MO: The US would rather not have troops in Haiti. So why are they there? Isn't it the case that if Guy Philippe had tried to march into Port-au-Prince at the end of February, there would have been serious fighting in a way that there had not been during the preceding weeks? That would lead to chaos of a type and scale that the US intervention avoided.
Moreover the US was eager to avoid great numbers of Haitian refugees heading towards America.
So the US intervention is about maintaining some stability.
CA: I agree. The overarching US aim is stability.
But it is stability based on the existing order that is itself structurally unstable. There is continual turmoil and instability in Haiti because of the very sharp divide inside Haiti. There is a flat contradiction here in US policy.
The crude breakdown is this: 85% of Haiti's eight million people are poor peasants or unemployed or under-employed. There is a small middle class - defined as all those from taxi drivers to a small businesspeople - which makes up a further 10% of the population. And then there is a tiny section of the population who are enormously rich.
This imbalance is simply not sustainable.
MO: One of the things Aristide seems to have done, by carrying out US policy, was to create new free trade zones and a new working class. These people might be a new factor.
CA: That's not quite right.

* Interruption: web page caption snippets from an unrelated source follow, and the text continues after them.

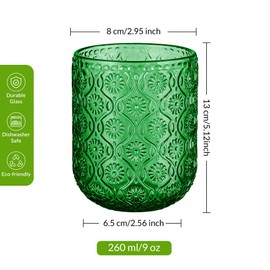 Joeyan Small Drinking Glasses,Vintage Green Embossed Floral Water Glass Tumbler Cups,Colored Beverages Cocktail Juice Wine Glassware,9 oz,Set of 4,Dishwasher Safe
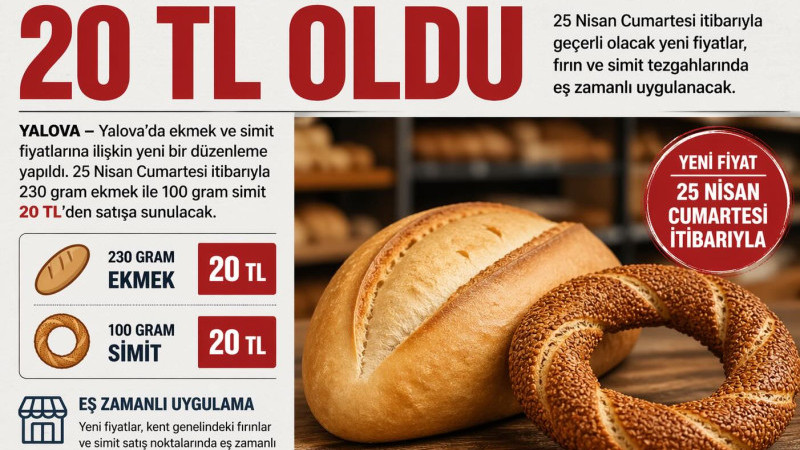 Yalova'da Ekmeğe Zam Geldi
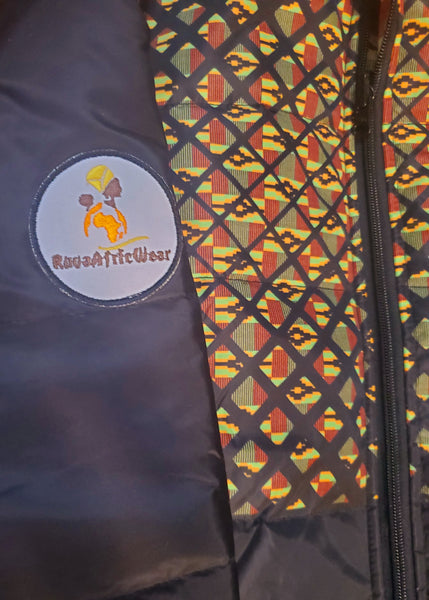 Kente Print Reversible Unisex Winter Jacket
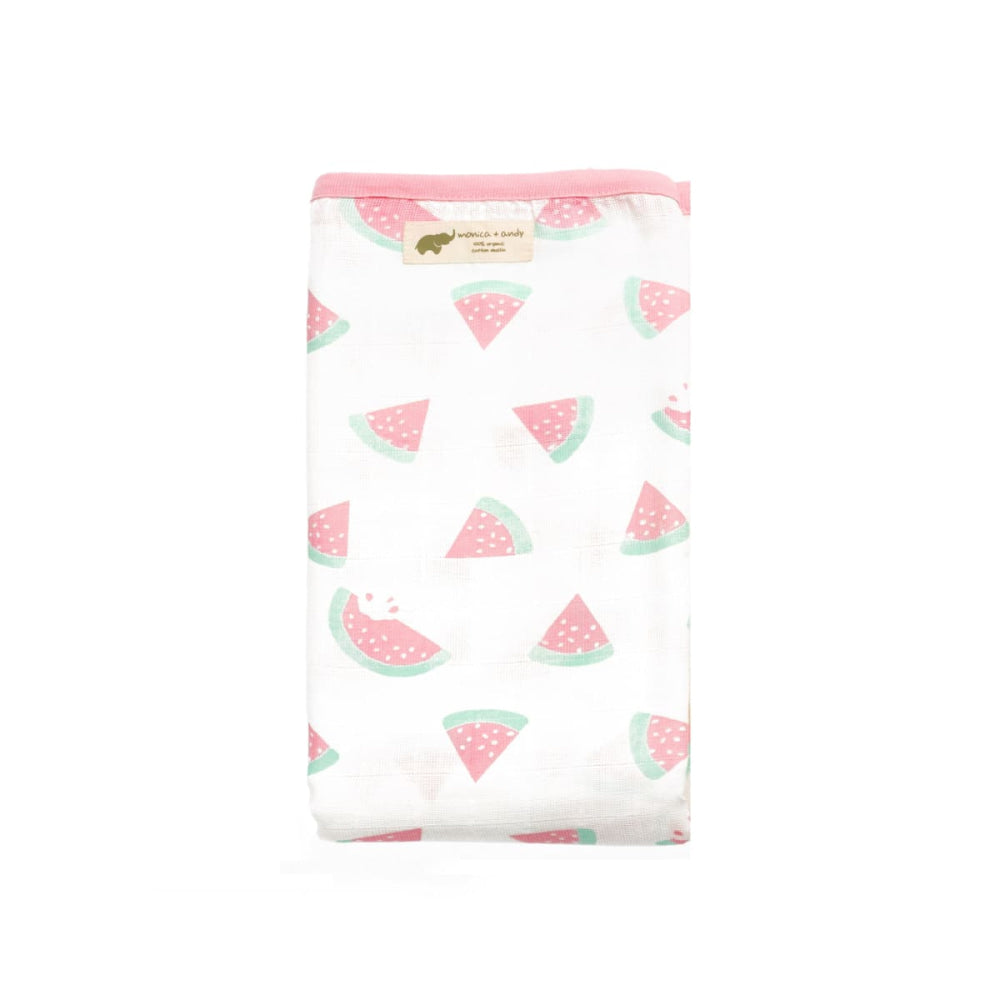 Organic Muslin Swaddle - Watermelon Dreams - One Size - Swaddle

The assembly sector has been promoted for 30 years, and began under the dictatorship of Jean-Claude Duvalier in the 1970s. It peaked - perhaps employing as many as 100,000 people - towards the end of the 1980s. Since then the sector has been in decline. The number of workers dropped massively in the early '90s because of the military coup of 1991 and the instability and economic embargo that followed.
There has been a small recovery during the 1990s. But at the moment only about 25,000 workers are employed in the sector.

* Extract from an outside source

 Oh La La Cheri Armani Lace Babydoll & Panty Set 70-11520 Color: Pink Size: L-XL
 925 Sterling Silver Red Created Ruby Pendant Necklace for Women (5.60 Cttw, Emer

Aristide passed legislation which will allow the creation of huge, new free trade zones. One has opened on the border with the Dominican Republic and two others are planned.
MO: What about the left's response to the US-led foreign intervention? Clearly the US is not benign or benevolent. But a single focus on 'evil US imperialism', without any apparent concern for the development and protection of the workers' movement, is crazy. 'US troops out now' seems equal to 'Death squads to power'.
CA: We need to consider the longer-term. We need to see what type of alliances the US has made in Haiti. They have always linked up with the most reactionary sectors of business and the elite, and also the most violent and repressive elements in the army and police.
Then, more recently, the US intervention in the first days of March was the logical conclusion of their policy in earlier months which was to put pressure on the Aristide government without ever putting any real pressure on the opposition. That policy ruled out any possibility of a compromise between the two groups.
Should the US be there? Well, what the situation makes me think of is the situation in the north of Ireland. People always said that if the British army left there would be massive bloodshed; no doubt the situation in Haiti could be described in the same way. But I don't believe this. It is an artificial construct to justify the existence of an occupying force.
We also have to be very aware that our progressive organisations - including the union federation Batay Ouvrier and the Haitian group which has organised the equivalent of a Social Forum - are, even now, demanding the withdrawal of foreign troops.